The role of continuous fibers. In the strongest composites from professional 3D printers, continuous fibers act as the strengthening fiber constituent, to be combined with a plastic matrix.
Continuous fibers are long fiber tows that are coated in thermoplastic. They endow a composite part with the directional strength of metal. They have elastic moduli between 16 times and 46 times greater than those of plastics. As opposed to chopped fibers which are suspended in the plastic, continuous fibers run uninterrupted through a part, thus distributing the load across the part’s three-dimensional geometry. They perform best in tension, so it is critically important to print them with loading conditions in mind.
Continuous fibers are oftentimes made from carbon fiber, but can also be continuous fiberglass, Kevlar®, and HSHT (High strength, high temperature) fiberglass.
Unlike parts reinforced with longer continuous fibers, parts printed with chopped fiber are not technically composites because the fibers are blended inside the plastic, rather than remaining distinct.

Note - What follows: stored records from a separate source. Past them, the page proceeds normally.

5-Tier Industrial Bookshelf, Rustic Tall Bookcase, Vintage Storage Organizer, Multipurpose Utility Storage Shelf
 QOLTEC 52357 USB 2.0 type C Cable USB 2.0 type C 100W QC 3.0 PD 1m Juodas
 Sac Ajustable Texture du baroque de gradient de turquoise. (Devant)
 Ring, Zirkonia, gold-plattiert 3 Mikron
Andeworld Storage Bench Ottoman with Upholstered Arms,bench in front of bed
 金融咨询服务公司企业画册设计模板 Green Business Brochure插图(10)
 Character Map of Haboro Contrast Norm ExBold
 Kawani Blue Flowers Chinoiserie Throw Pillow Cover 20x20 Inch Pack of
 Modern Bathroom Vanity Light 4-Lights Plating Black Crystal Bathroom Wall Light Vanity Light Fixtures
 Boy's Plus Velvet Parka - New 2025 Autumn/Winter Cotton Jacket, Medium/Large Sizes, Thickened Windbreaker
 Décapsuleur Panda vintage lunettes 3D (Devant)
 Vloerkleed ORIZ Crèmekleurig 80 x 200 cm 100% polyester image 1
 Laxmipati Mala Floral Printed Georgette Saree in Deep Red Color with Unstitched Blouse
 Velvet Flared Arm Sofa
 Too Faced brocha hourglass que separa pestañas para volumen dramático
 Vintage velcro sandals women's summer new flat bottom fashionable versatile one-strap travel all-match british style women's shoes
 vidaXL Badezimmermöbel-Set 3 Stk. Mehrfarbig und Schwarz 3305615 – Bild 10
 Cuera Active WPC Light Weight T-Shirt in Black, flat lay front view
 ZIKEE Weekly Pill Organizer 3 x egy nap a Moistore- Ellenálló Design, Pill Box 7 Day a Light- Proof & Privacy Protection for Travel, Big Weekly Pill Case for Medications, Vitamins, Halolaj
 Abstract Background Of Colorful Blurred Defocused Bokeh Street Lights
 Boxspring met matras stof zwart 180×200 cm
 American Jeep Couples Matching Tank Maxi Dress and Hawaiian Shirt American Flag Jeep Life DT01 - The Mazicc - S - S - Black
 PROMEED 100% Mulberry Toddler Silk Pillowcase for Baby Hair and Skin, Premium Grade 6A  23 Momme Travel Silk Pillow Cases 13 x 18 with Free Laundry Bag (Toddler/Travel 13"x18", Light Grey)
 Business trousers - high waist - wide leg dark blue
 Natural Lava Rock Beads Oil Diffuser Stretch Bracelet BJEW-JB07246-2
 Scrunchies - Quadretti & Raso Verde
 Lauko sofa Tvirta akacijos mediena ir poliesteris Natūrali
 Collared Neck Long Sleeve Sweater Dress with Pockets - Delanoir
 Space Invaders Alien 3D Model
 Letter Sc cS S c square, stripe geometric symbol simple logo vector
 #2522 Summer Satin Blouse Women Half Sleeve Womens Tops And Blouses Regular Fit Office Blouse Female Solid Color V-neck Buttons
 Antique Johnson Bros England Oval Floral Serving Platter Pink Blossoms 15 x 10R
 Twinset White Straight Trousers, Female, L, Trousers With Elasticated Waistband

While chopped fibers are associated with a modest boost in strength and stiffness, it does not provide the significant boost provided by reinforcement with continuous fibers. Chopped fibers provide an incremental improvement in part properties, while continuous fibers enable a step-change improvement.
A custom drive dog printed by Titans of CNC, designed for a shaft grinder. Each blue line represents a layer of continuous fibers.
3D printing composites with continuous fibers. 3D printing parts with continuous fiber reinforcement (CFR) works by combining continuous fibers with a plastic matrix.
When printing a part with continuous fiber reinforcement, the professional 3D printer uses two nozzles and extrusion systems. The plastic material is extruded through a heated nozzle, while a second nozzle releases continuous fibers into the material. Releasing the plastic material through the heated nozzle thermally fuses the thermoplastic coating that surrounds each continuous fiber tow, melting it so it adheres into the plastic matrix.
Parts can be reinforced in many different ways to optimize for different loading conditions. Fibers can be laid in a wide variety of 2D orientations within each layer of the 3D printed part.
A user can also dynamically control the amount of fiber in the part by altering the amount of fiber in a layer, as well as designating how many layers are reinforced. This control enables engineers to 3D print parts exactly as strong as needed.